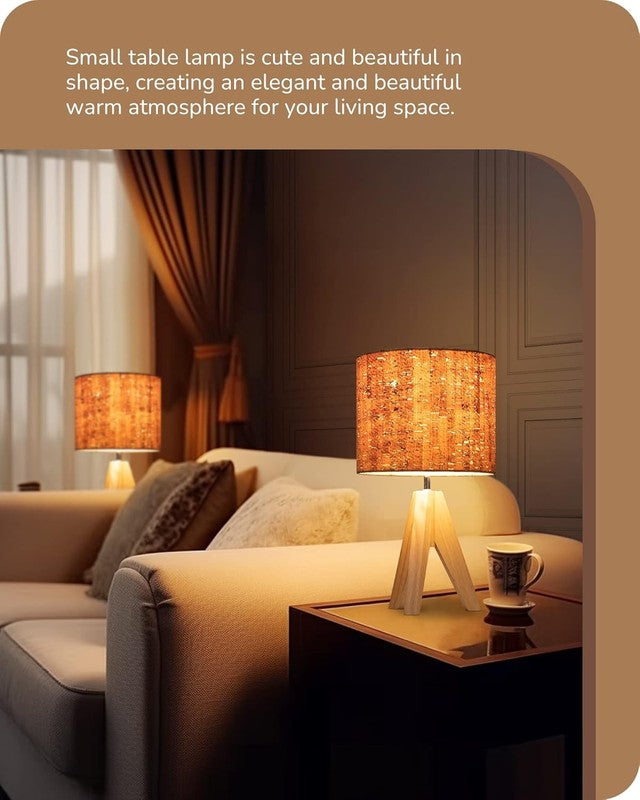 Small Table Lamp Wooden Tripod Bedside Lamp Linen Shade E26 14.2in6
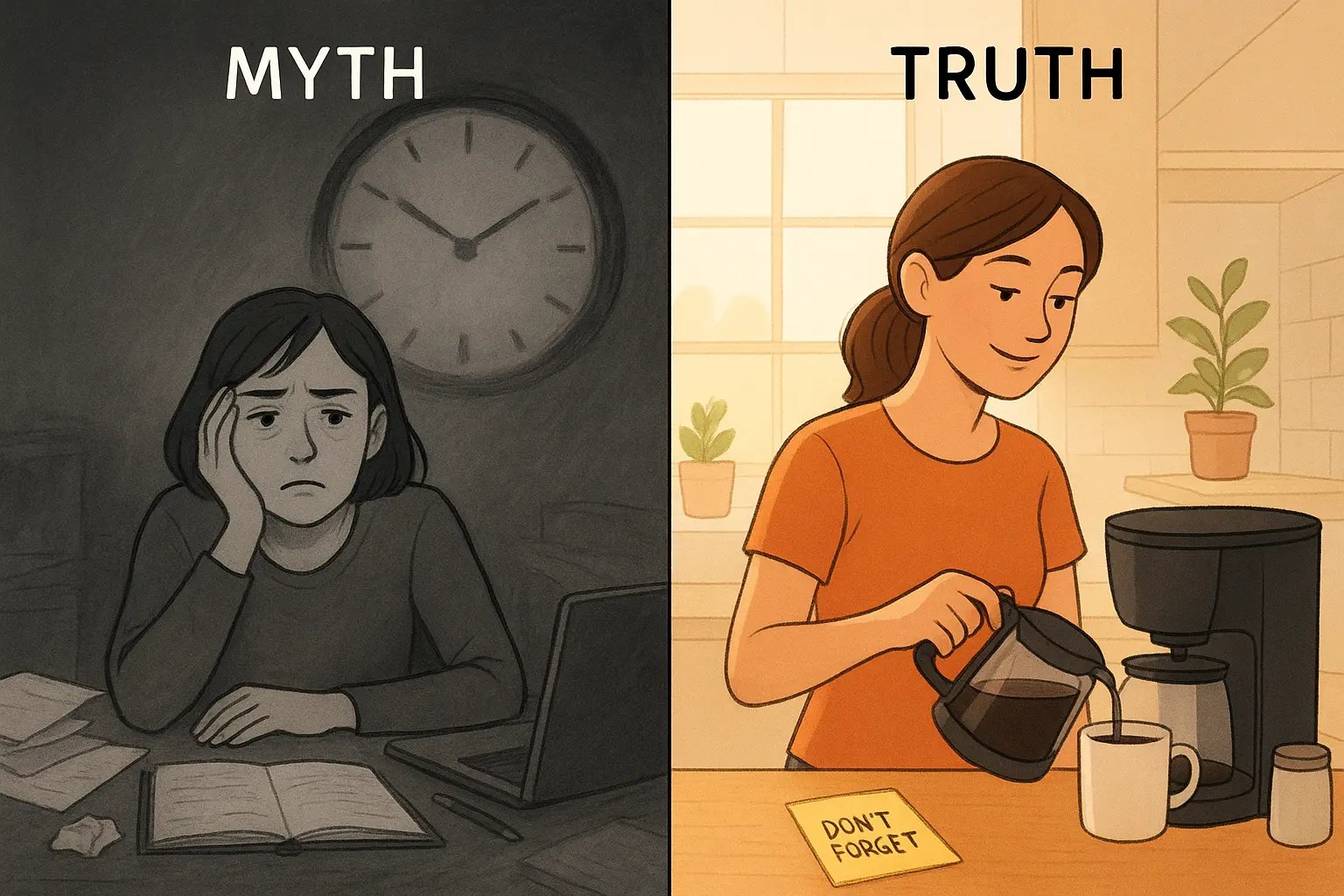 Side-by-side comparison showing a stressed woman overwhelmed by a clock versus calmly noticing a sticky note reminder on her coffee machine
---
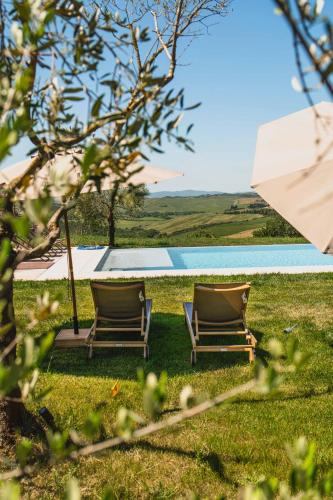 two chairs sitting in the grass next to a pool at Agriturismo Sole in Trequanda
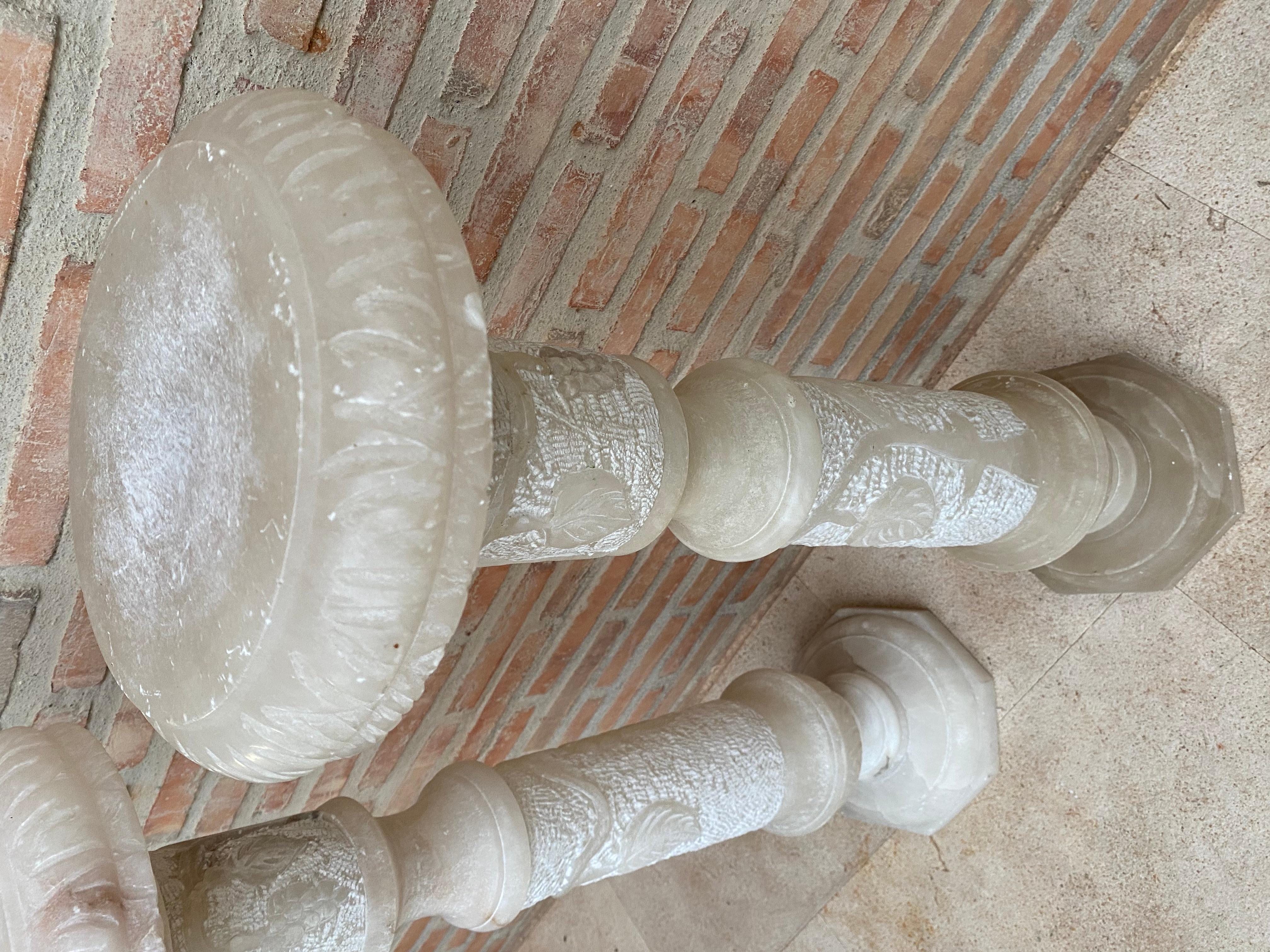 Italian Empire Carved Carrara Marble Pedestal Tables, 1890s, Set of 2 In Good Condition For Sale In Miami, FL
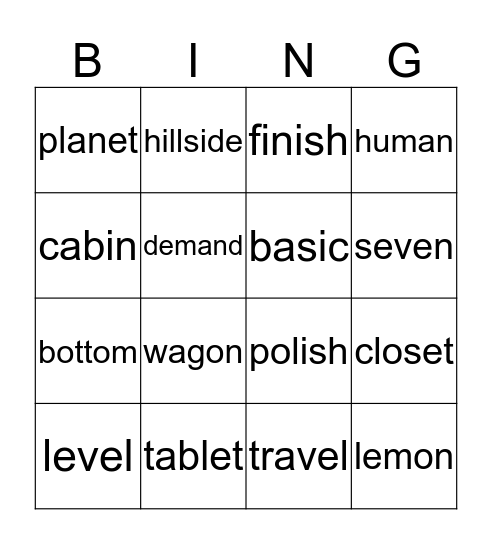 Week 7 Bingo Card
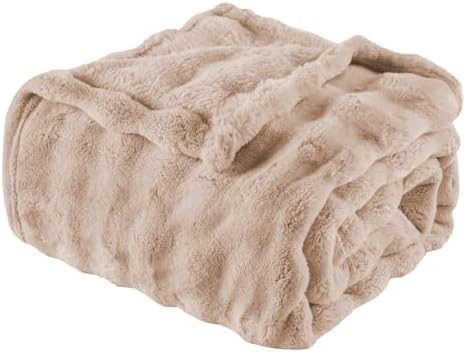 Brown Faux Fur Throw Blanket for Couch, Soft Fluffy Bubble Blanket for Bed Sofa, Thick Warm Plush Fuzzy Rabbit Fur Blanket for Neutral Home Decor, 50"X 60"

- **Problem**:
Output only the lines above from the one containing "Italian Empire Carved" to the one containing "Brown Faux Fur", both included, exactly as written and with no pictures.

- **Exercise solution**:
 Italian Empire Carved Carrara Marble Pedestal Tables, 1890s, Set of 2 In Good Condition For Sale In Miami, FL
 Week 7 Bingo Card
 Brown Faux Fur Throw Blanket for Couch, Soft Fluffy Bubble Blanket for Bed Sofa, Thick Warm Plush Fuzzy Rabbit Fur Blanket for Neutral Home Decor, 50"X 60"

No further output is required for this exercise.